In fact, if you know anything about me, you’ll know that I do ship her and Gosalyn. Which is the cutest thing ever. Fight me.
But I’m not talking about that, right now.
What I do want to talk about is Webby and the boys.
Webby’s only family is her grandmother. Her entire life has been spent inside a huge house, mostly alone, mostly entertaining herself while Mrs. Beakley attended to the various needs of Scrooge McDuck and his manor. And so she’s incredibly used to being alone. Being alone is what she’s best at.
Which is sad. To say the least.
It won’t be long, then, before the boys start to see that. Before they start to realize that she’s been alone long enough for it to become a habit. A chore. Another fixture of her personality. They’re her friends. And she’s theirs.
Actually… she’s not their friend, is she? They mull over it on their bunk beds one night. Scrooge was being crotchety, so Donald had moved them all out back to the house boat. Had tucked them into their bunk beds (sheets newly washed) after a dinner he’d scrambled together, and they’d been sitting on Dewey’s bed, quietly whispering to one another while Donald snores reached them from his own room, across the little floating pool boat.

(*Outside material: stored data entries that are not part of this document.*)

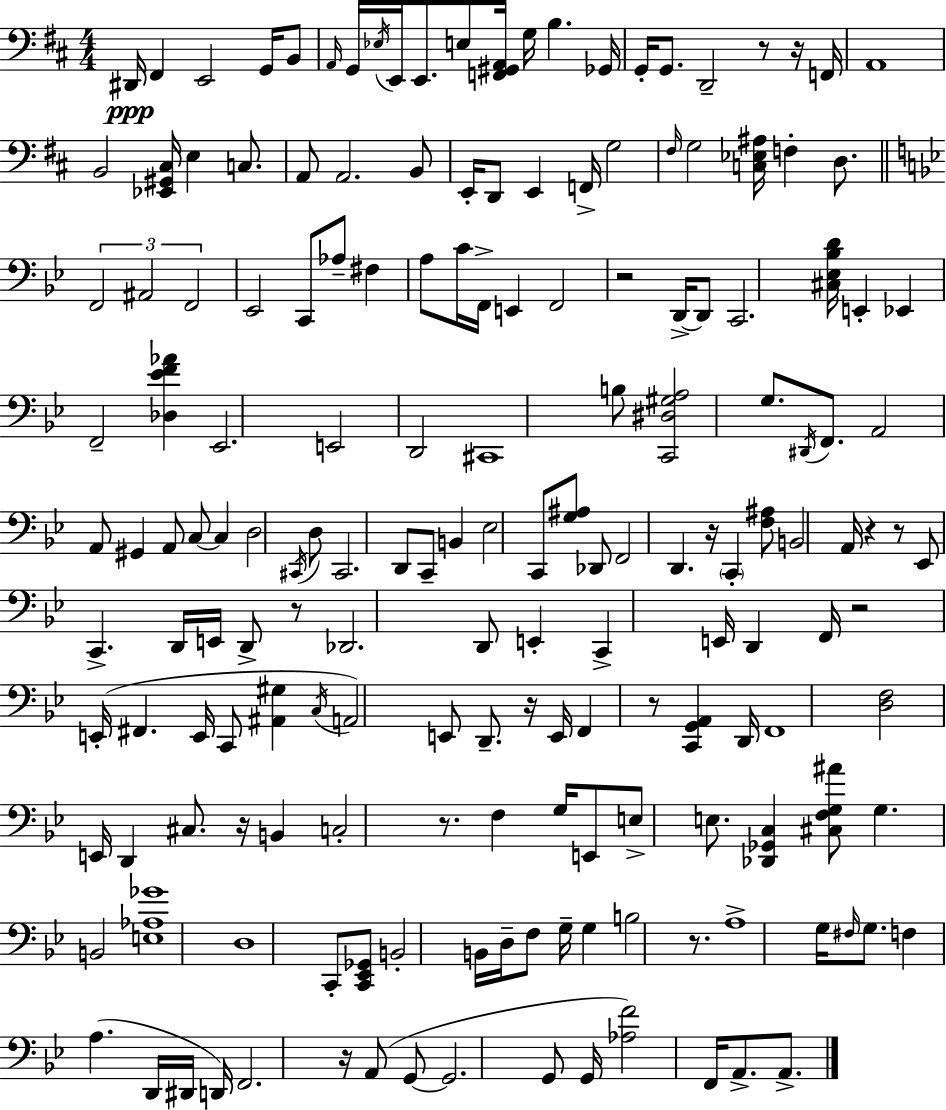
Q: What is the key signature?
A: D major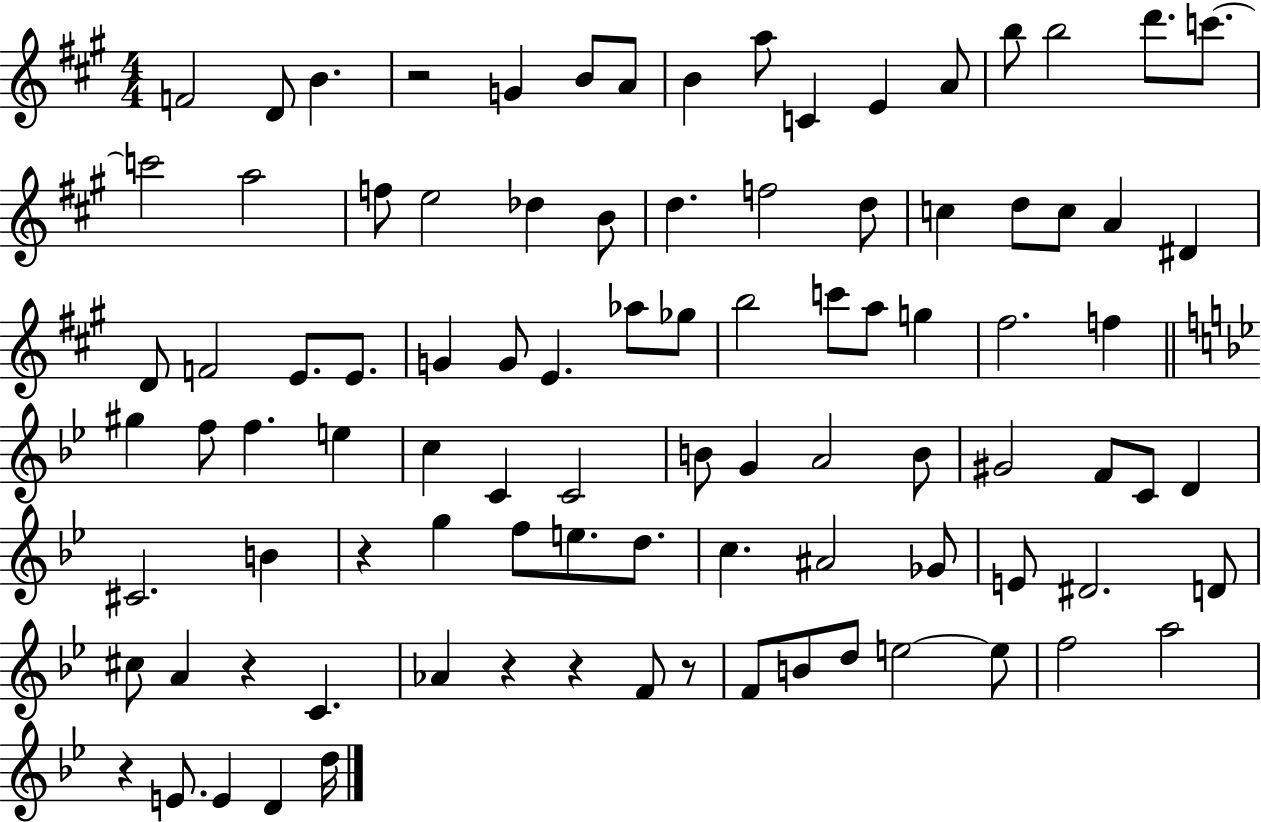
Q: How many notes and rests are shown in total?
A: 94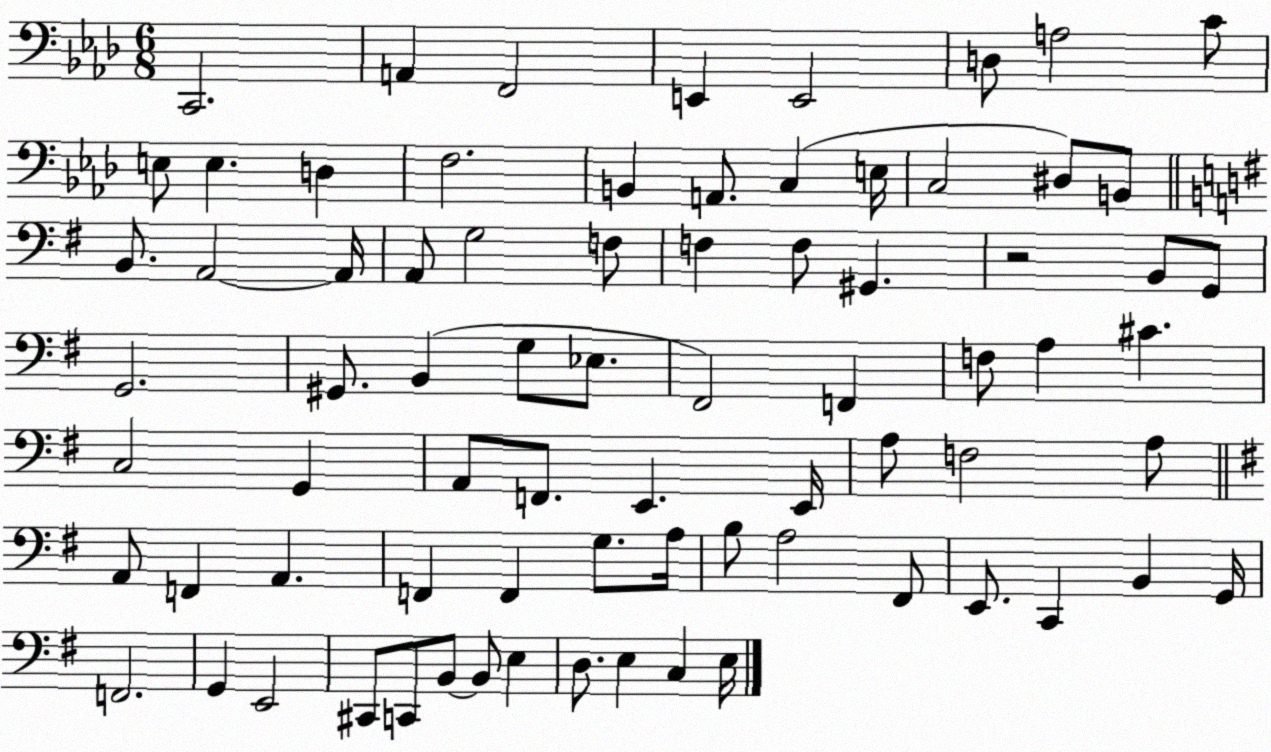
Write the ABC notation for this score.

X:1
T:Untitled
M:6/8
L:1/4
K:Ab
C,,2 A,, F,,2 E,, E,,2 D,/2 A,2 C/2 E,/2 E, D, F,2 B,, A,,/2 C, E,/4 C,2 ^D,/2 B,,/2 B,,/2 A,,2 A,,/4 A,,/2 G,2 F,/2 F, F,/2 ^G,, z2 B,,/2 G,,/2 G,,2 ^G,,/2 B,, G,/2 _E,/2 ^F,,2 F,, F,/2 A, ^C C,2 G,, A,,/2 F,,/2 E,, E,,/4 A,/2 F,2 A,/2 A,,/2 F,, A,, F,, F,, G,/2 A,/4 B,/2 A,2 ^F,,/2 E,,/2 C,, B,, G,,/4 F,,2 G,, E,,2 ^C,,/2 C,,/2 B,,/2 B,,/2 E, D,/2 E, C, E,/4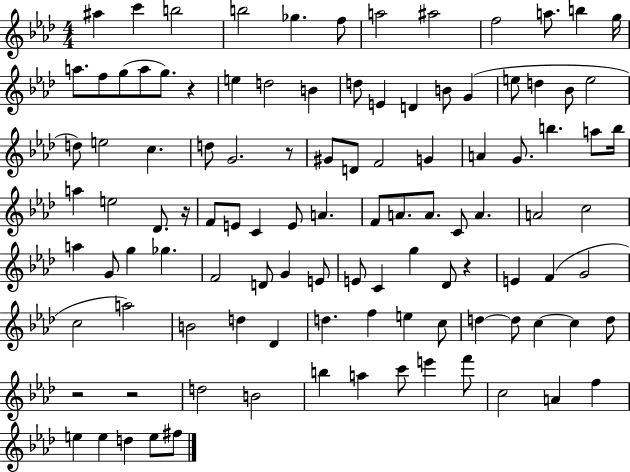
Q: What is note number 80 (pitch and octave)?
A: F5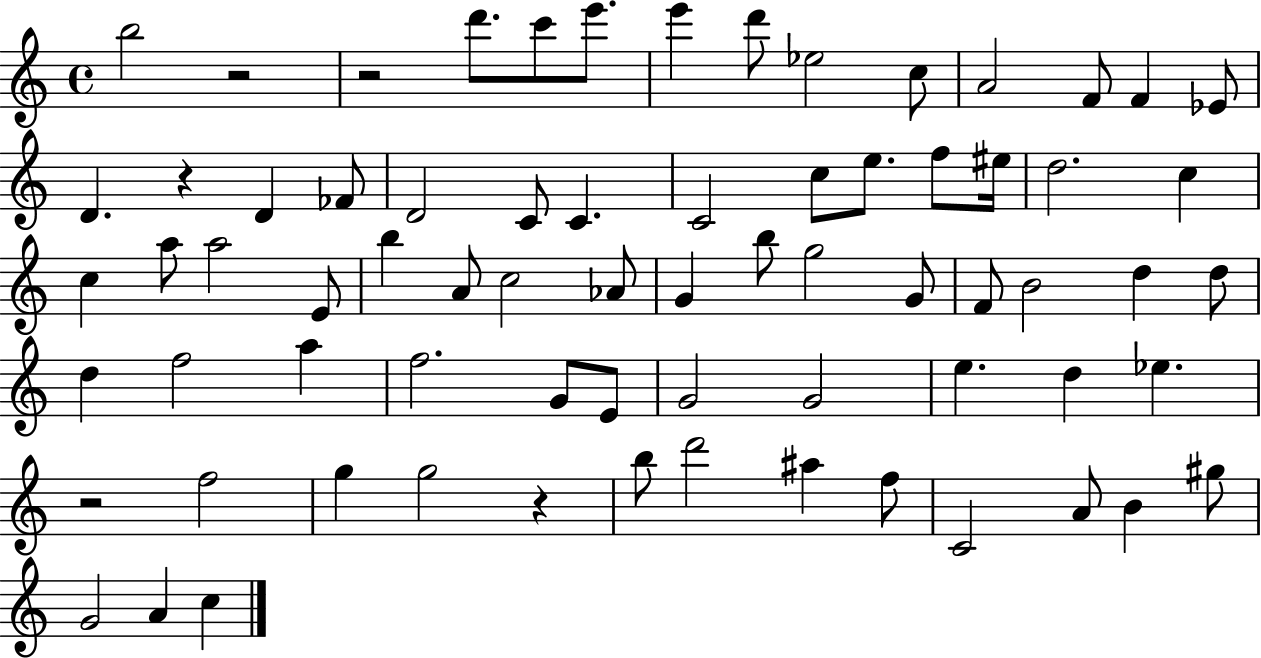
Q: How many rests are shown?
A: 5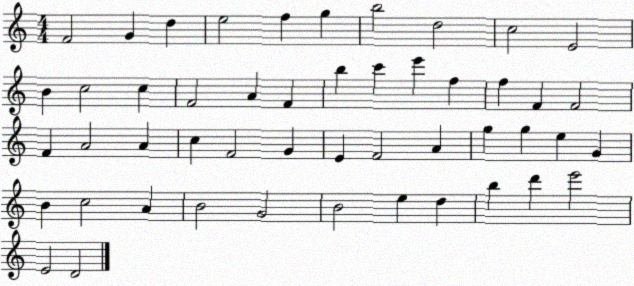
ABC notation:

X:1
T:Untitled
M:4/4
L:1/4
K:C
F2 G d e2 f g b2 d2 c2 E2 B c2 c F2 A F b c' e' f f F F2 F A2 A c F2 G E F2 A g g e G B c2 A B2 G2 B2 e d b d' e'2 E2 D2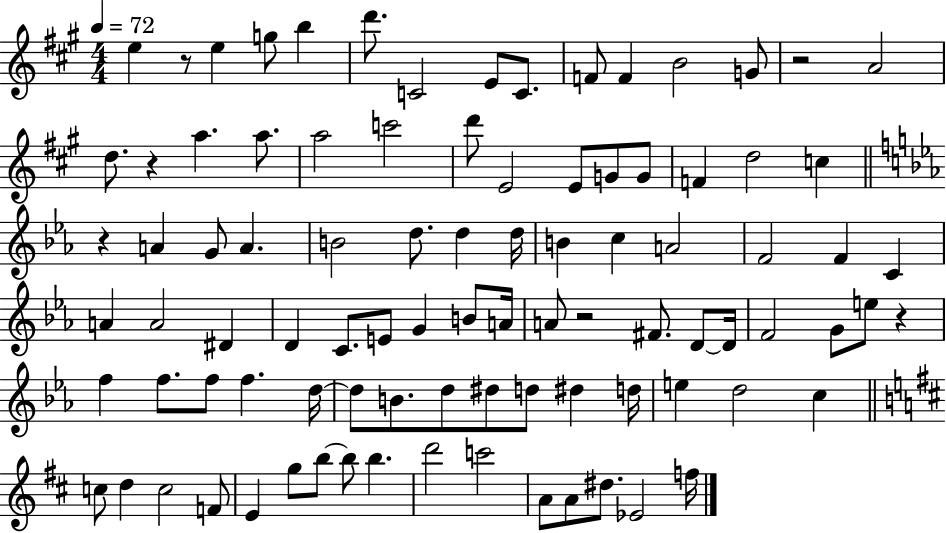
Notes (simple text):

E5/q R/e E5/q G5/e B5/q D6/e. C4/h E4/e C4/e. F4/e F4/q B4/h G4/e R/h A4/h D5/e. R/q A5/q. A5/e. A5/h C6/h D6/e E4/h E4/e G4/e G4/e F4/q D5/h C5/q R/q A4/q G4/e A4/q. B4/h D5/e. D5/q D5/s B4/q C5/q A4/h F4/h F4/q C4/q A4/q A4/h D#4/q D4/q C4/e. E4/e G4/q B4/e A4/s A4/e R/h F#4/e. D4/e D4/s F4/h G4/e E5/e R/q F5/q F5/e. F5/e F5/q. D5/s D5/e B4/e. D5/e D#5/e D5/e D#5/q D5/s E5/q D5/h C5/q C5/e D5/q C5/h F4/e E4/q G5/e B5/e B5/e B5/q. D6/h C6/h A4/e A4/e D#5/e. Eb4/h F5/s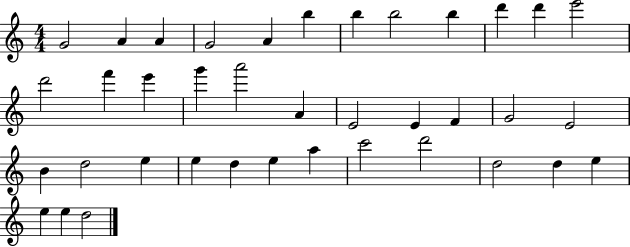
G4/h A4/q A4/q G4/h A4/q B5/q B5/q B5/h B5/q D6/q D6/q E6/h D6/h F6/q E6/q G6/q A6/h A4/q E4/h E4/q F4/q G4/h E4/h B4/q D5/h E5/q E5/q D5/q E5/q A5/q C6/h D6/h D5/h D5/q E5/q E5/q E5/q D5/h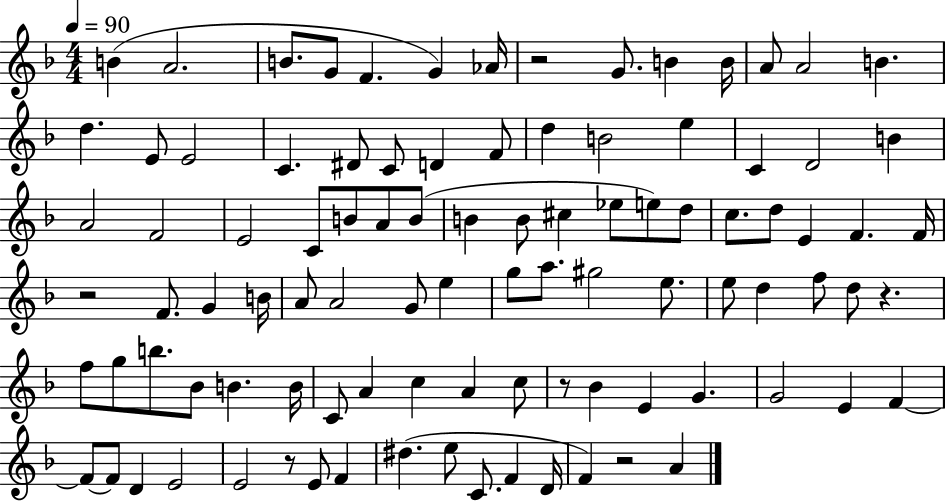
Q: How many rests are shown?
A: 6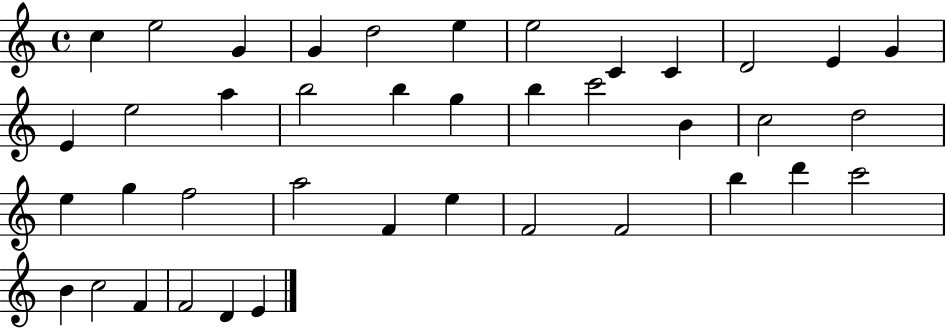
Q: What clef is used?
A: treble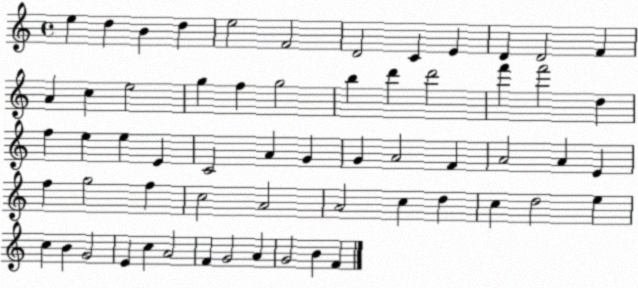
X:1
T:Untitled
M:4/4
L:1/4
K:C
e d B d e2 F2 D2 C E D D2 F A c e2 g f g2 b d' d'2 f' f'2 d f e e E C2 A G G A2 F A2 A E f g2 f c2 A2 A2 c d c d2 e c B G2 E c A2 F G2 A G2 B F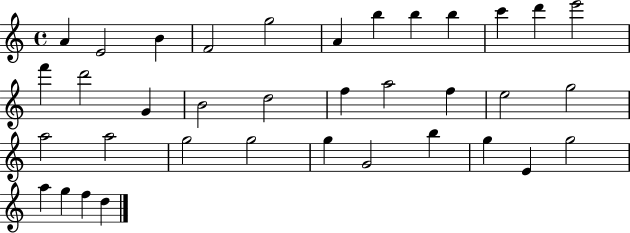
X:1
T:Untitled
M:4/4
L:1/4
K:C
A E2 B F2 g2 A b b b c' d' e'2 f' d'2 G B2 d2 f a2 f e2 g2 a2 a2 g2 g2 g G2 b g E g2 a g f d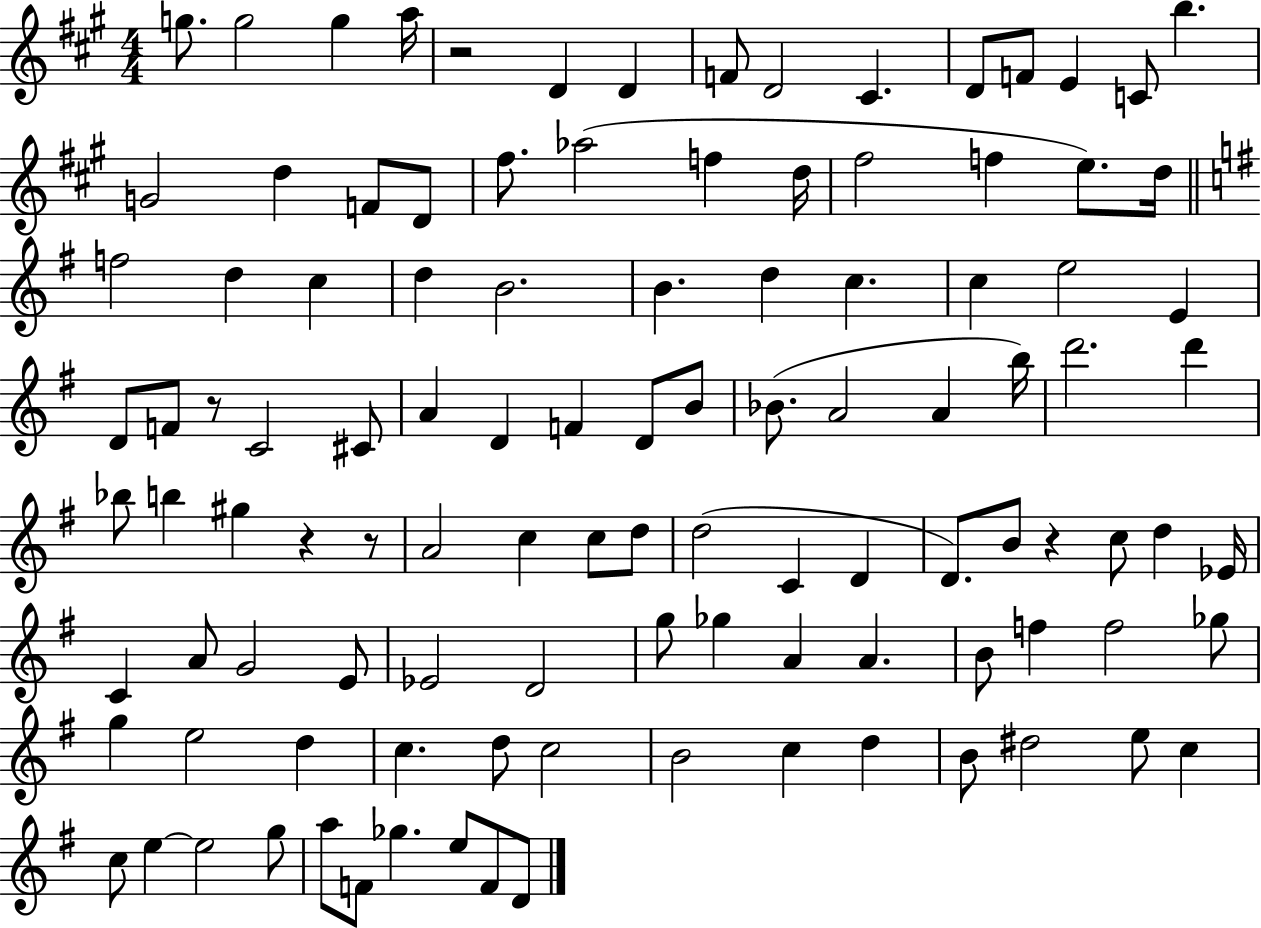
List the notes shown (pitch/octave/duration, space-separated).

G5/e. G5/h G5/q A5/s R/h D4/q D4/q F4/e D4/h C#4/q. D4/e F4/e E4/q C4/e B5/q. G4/h D5/q F4/e D4/e F#5/e. Ab5/h F5/q D5/s F#5/h F5/q E5/e. D5/s F5/h D5/q C5/q D5/q B4/h. B4/q. D5/q C5/q. C5/q E5/h E4/q D4/e F4/e R/e C4/h C#4/e A4/q D4/q F4/q D4/e B4/e Bb4/e. A4/h A4/q B5/s D6/h. D6/q Bb5/e B5/q G#5/q R/q R/e A4/h C5/q C5/e D5/e D5/h C4/q D4/q D4/e. B4/e R/q C5/e D5/q Eb4/s C4/q A4/e G4/h E4/e Eb4/h D4/h G5/e Gb5/q A4/q A4/q. B4/e F5/q F5/h Gb5/e G5/q E5/h D5/q C5/q. D5/e C5/h B4/h C5/q D5/q B4/e D#5/h E5/e C5/q C5/e E5/q E5/h G5/e A5/e F4/e Gb5/q. E5/e F4/e D4/e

“She’s our friend. We should help her.”
“She’s not our friend,” Louie said.
“What’re you talking about?”
Louie pointed towards Dewey. “She’s like you to me.”
“I’m your friend.”
“No. You’re my brother. There’s a difference.”
“So, she’s like my brother. Only a girl.”
Huey tilted his head and squinted his eyes and furled his lip. “There’s a word for that, you know.” He pat the bed. “A sister.”
“Sure.” said Louie, scrambling off the bunk towards his own. “Whatever you wanna call it.”
They call it that. But only to themselves. They’re not sure how Webby would react to hearing them claiming her with a title they’d made up. It felt wrong. A little like roping her into something they weren’t sure she’d like. An adventure she hadn’t approved.
But that doesn’t mean they can’t try to tinker. If only a little.
So they talk to their Uncle. Who, for his faults, had always been loving and caring and the best at knowing what to do. And he nods and agrees. They pile into their car and go to the Bed BirdBath and Beyond store a mile away.
Their cupboards are already stocked with plates. Blue ones, red ones, green ones, and white ones. So they pick out some pink ones. And a pink placemat. And a cup.
There’s a spare bed, above Louie (who offers up the space he’d been using to store video games and the occasional candy bar) and find a set of pink sheets and a duvet and hull them into the cart with the rest of the stuff. The toothbrush and the molting comb.
Donald had extra money from his side job being an accidental henchman, so they pay for it all. Plus an extra few video games. A reward, he tells them. For generosity.
Then it’s back into the car, and back to the boat, and back to the room, where they pull sheet corners round mattresses and drop toothbrushes besides the old ones, and stack the plates onto the pile in the kitchen.
When Webby does arrive the next time, for a sleepover that they’d been bothering her about all week, she’ll arrive in a place she recognizes but doesn’t. She’ll arrive home.
Her own bed. Her own cup. Her own space in the closet they’d made room for.
The boys and Donald act like nothing is different. But it is. And it isn’t.
She eats with them at her own seat. She’ll sleep on her own bed. And when they veg out on cereal the next morning, cartoons blaring, she’ll have her own spot on the couch that they’d moved all the comic books away from to make for her.
She integrates, slowly, her life into theirs. Donald makes room in the car. The boys make room in their dresser. Mrs. Beakley sees her half as much, but she’s fine with that. The commutes to school are easier, anyway, when she doesn’t have to search out Scrooge’s hired drivers. When she can just watch her grandchild be corralled into the car by Donald, who makes sure every one of them is buckled, hands out power bars, and fusses the entire way.
Donald drivers her crazy, sometimes, and they tell her off the side that it’s her initiation. When Donald tell her to wear her socks in the house to avoid splinters or glares at her down his beak when she breaks his favorite vase or forces her to wear the horrible life jackets.
“You’re one of his now,” they tell her, and she bites her lip to hide a squeal of delight. “Welcome to the family!”
She becomes one of them.
Webby is so much more than a friend. She’s a sister. They see it. Donald sees it. She… she’ll see it. Eventually.